Introduzione
Parliamo seriamente degli elementi di riscaldamento a infrarossi utilizzati negli impianti per l’ossidazione delle wafer. La domanda fondamentale è semplice: una lampada a infrarossi per uso domestico può davvero sostituire quella importata, senza costringere a effettuare modifiche importanti sull’impianto o senza rischiare per il processo di produzione?
La risposta breve è sì, purché la progettazione sia corretta. E infatti lo è.
Potenza e caratteristiche fisiche
Questo elemento di riscaldamento funziona con una potenza elevata: 400V, 2500W. Questa potenza è esattamente ciò che serve per raggiungere rapidamente la temperatura desiderata e mantenere costante il funzionamento della camera di ossidazione.
L’elemento è realizzato sotto forma di tubo lungo 300 mm; questa lunghezza non è casuale: corrisponde alla geometria interna degli impianti standard, in modo che il calore venga distribuito uniformemente su tutta la superficie della wafer, senza zone fredde o aree scarsamente riscaldate.
Materiali e design: cosa rende l’elemento efficace
All’interno dell’elemento c’è un tubo di quarzo a onde corte, dotato di un filamento alogenato. Il quarzo riesce a resistere ai bruschi cambiamenti di temperatura senza rompersi, mentre il filamento alogenato mantiene il filamento pulito, contribuendo così a prolungare la durata della lampada.
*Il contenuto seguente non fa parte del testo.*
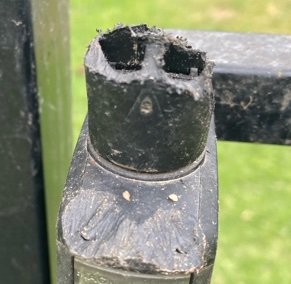 V3 damage - two holes chewed through knob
Il connettore utilizzato è di tipo R7s; questa scelta è importante, poiché garantisce un contatto solido tra i due terminali, permettendo così il passaggio di correnti elevate senza problemi. Il cablaggio è identico a quello dell’elemento originale.
Performance in condizioni reali e implicazioni per l’utente
In pratica, questo sistema permette di generare una grande densità di calore esattamente dove è necessario. Ciò significa una stabilizzazione più rapida della temperatura e un controllo preciso del processo.
E la cosa migliore? L’installazione non richiede modifiche significative sull’impianto esistente. La lampada può essere montata direttamente al posto dell’elemento originale.
La realtà
Un tubo da 400V, 2500W genera una grande quantità di calore. Se il sistema di refrigerazione dell’impianto non è adeguato, il controllo della temperatura potrebbe non funzionare correttamente durante i lunghi cicli di produzione.
Noi progettiamo questi elementi seguendo esattamente le specifiche dei produttori originali: per assicurare che l’impianto continui a funzionare correttamente. Niente supposizioni: basta semplicemente sostituire l’elemento originale con quello nuovo.